Since then, the United Anglers have dealt with and overcome many challenges to create an internationally recognized student-run fish hatchery, the only one of its kind in the country.
"We are the model for student-run fish hatcheries in the country," said interim hatchery director Dan Hubacker. "What we do here is being studied in Japan. We were contacted by high schools in Nagasaki and Hiroshima a few years ago and now we are talked about in their textbooks."
The United Anglers program and fish hatchery evolved from just a greenhouse in the 1980s to a state-of-the-art fish hatchery, which opened in 1993 thanks to students who raised more than $500,000 to build it.
"We are a completely self-sustaining project," said Hubacker. "It's a successful program and it's fascinating when you look at education right now and see all the cutbacks being made, while here you have this program that costs $50,000 a year to operate. The students raise that money every year."

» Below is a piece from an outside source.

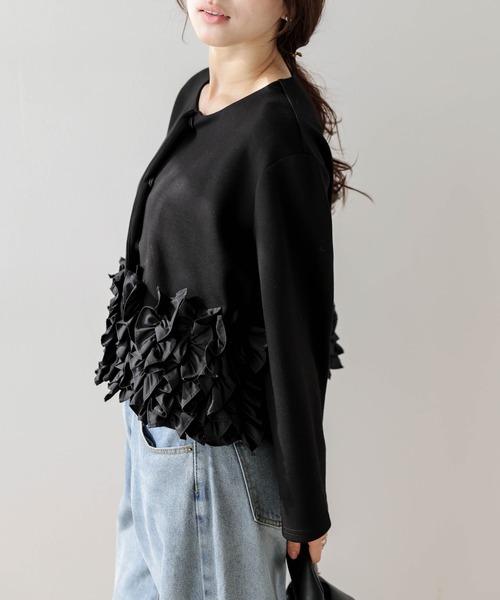AMELY(エミリー)の「フリルヘム ノーカラージャケット(ノーカラージャケット・レディース・ブラック/グレー/ベージュ・フリー)」の5枚目の写真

The United Anglers program receives all of its funding through personal donations, grants and its annual dinner fund-raiser, to be held Saturday, Nov. 6 at the Petaluma Community Center.
"The dinner is our main fund-raiser," said Hubacker. "It has been much more of a challenge raising funds in the past few years. Students have been going every day of the week to businesses, and many of them have stepped in to do what they can, but we are being turned down by many businesses right now because money is tight."
The United Anglers' program focuses on three fish: steelhead trout, rainbow trout and Chinook salmon.
"The steelhead trout are not raised in the building," said Hubacker. "Our focus with them is monitoring their health in Adobe Creek, which is across the street from the high school. Through the students' efforts, we continue monitoring the health and strength of that run of fish."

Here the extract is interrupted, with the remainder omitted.